▶

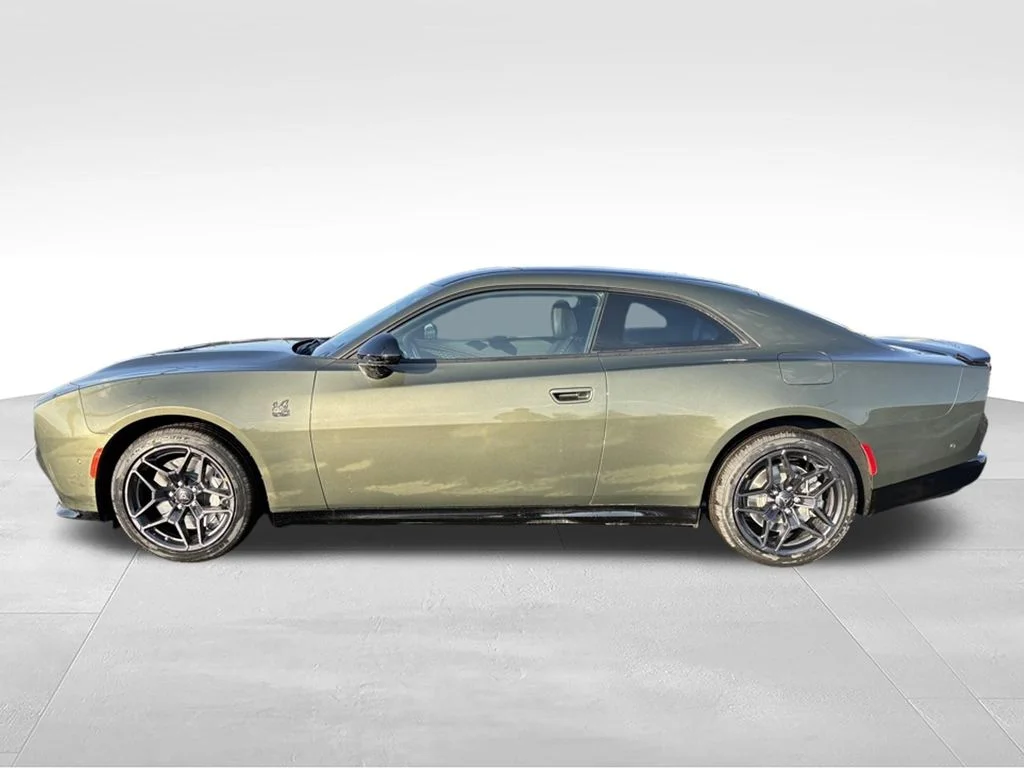 New 2026 Green Machine Exterior Paint Dodge Scat Pack image 6
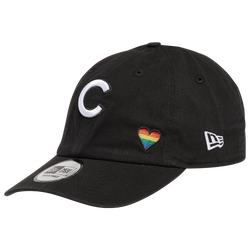 Men's - New Era Cubs Pride Adjustable Cap - Black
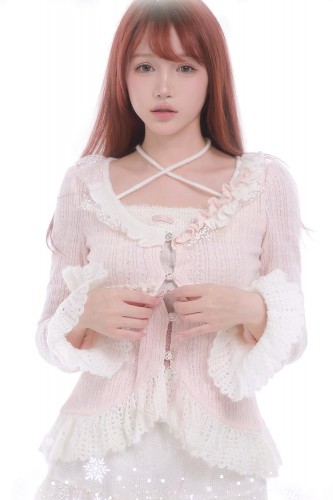 Cotton Dream Pink Knit...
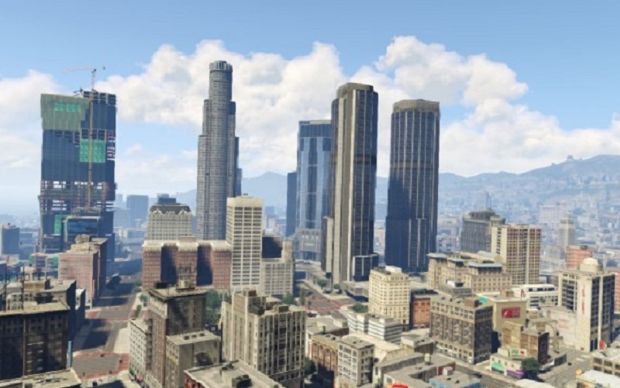 Bir otel Los Angeles'ı tanıtmak isterken yanlışlıkla GTA V görseli kullandı! - 2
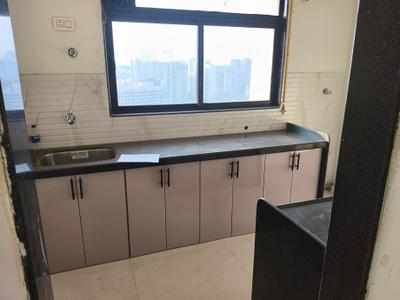 Kitchen Image of 750 Sq.ft 2 BHK Apartment / Flat for rent in Oxford Navrang Crystal, Goregaon West Mumbai for Rs. 65000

◀

> **ASSIGNED TASK**:
The lines running from the one with "Men's - New" to the close of the material above are to be retyped exactly; no picture is to be included.

> **EXERCISE RESPONSE**:
 Men's - New Era Cubs Pride Adjustable Cap - Black
 Cotton Dream Pink Knit...
 Bir otel Los Angeles'ı tanıtmak isterken yanlışlıkla GTA V görseli kullandı! - 2
 Kitchen Image of 750 Sq.ft 2 BHK Apartment / Flat for rent in Oxford Navrang Crystal, Goregaon West Mumbai for Rs. 65000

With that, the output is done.